K.E.: Quand j’étais enfant, l’insulte qui faisait bondir, c’était: «enfant de mille personnes»! Je l’ai d’ailleurs reprise dans mon prochain roman. Cela signifie qu’on ne connaît pas ton père. Tu t’inventes donc mille pères! Mon père il est à Accra, mon père il est au Nigéria, mon père il fait du commerce à Paris! Mais… c’était une insulte qui pouvait provoquer de grosses bagarres!

La langue qu’on parle, un bout d’âme, un morceau de soi, ou un simple outil de communication?

Dans la perspective du 13e Sommet de la Francophonie à Montreux, swissinfo mène l’enquête en huit questions.

Togo. Kossi Efoui est né en 1962 à Anfoin, Togo.

Opposition. Titulaire d’une maîtrise de philosophie obtenue à l’Université du Bénin, sa participation au mouvement étudiant des années 1980-1990, durement réprimé par le régime, va l’amener à se réfugier en France.

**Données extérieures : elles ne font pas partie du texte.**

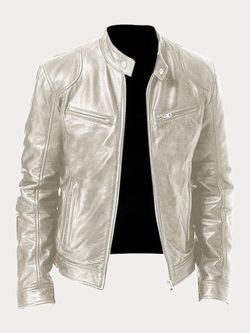 Jett Men's leather stand collar biker jacket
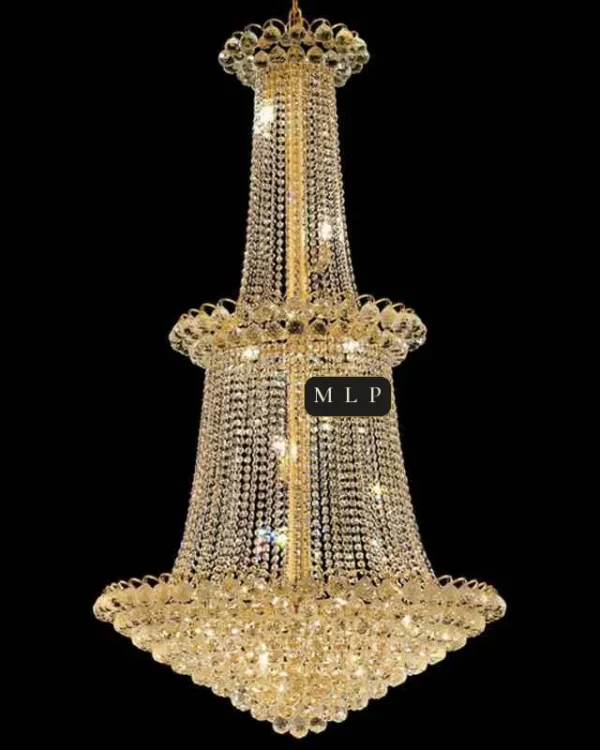 Château Empire Crystal 22-Light Chandelier, 35" in gold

Théâtre. Il commence par se consacrer largement au théâtre. Ses pièces sont jouées sur les scènes européennes et africaines.

A noter qu’en février 2010, l’Institut de Recherches en Etudes Théâtrales de Paris III-Sorbonne Nouvelle a organisé un colloque international intitulé «Le théâtre de Kossi Efoui : une poétique du marronnage au pouvoir».

Romans. A ce jour Kossi Efoui a publié trois romans:

– «La Polka» (Seuil, 1998)

– «La Fabrique de cérémonies» (Seuil, 2001), Grand Prix littéraire de l’Afrique Noire de l’Association des Ecrivains de Langue Française (ADELF), 2002.

– «Solo d’un revenant» (Seuil, 2008)

Anniversaire. L’Organisation internationale de la Francophonie (OIF) célèbre cette année son 40e anniversaire.

Chiffres. L’OIF regroupe 70 États et gouvernements (dont 14 observateurs) répartis sur les cinq continents. Dans le monde, près de 200 millions de locuteurs parlent français.

Culture et politique. Parmi ses missions principales figurent la promotion de la langue française et la diversité culturelle et linguistique, mais aussi la promotion de la paix, de la démocratie et des droits de l’homme.

Montreux. La Suisse, membre de l’OIF depuis 1989, accueille cette année le 13e sommet de la Francophonie. Il se tiendra du 20 au 24 octobre 2010 à Montreux, dans le canton de Vaud.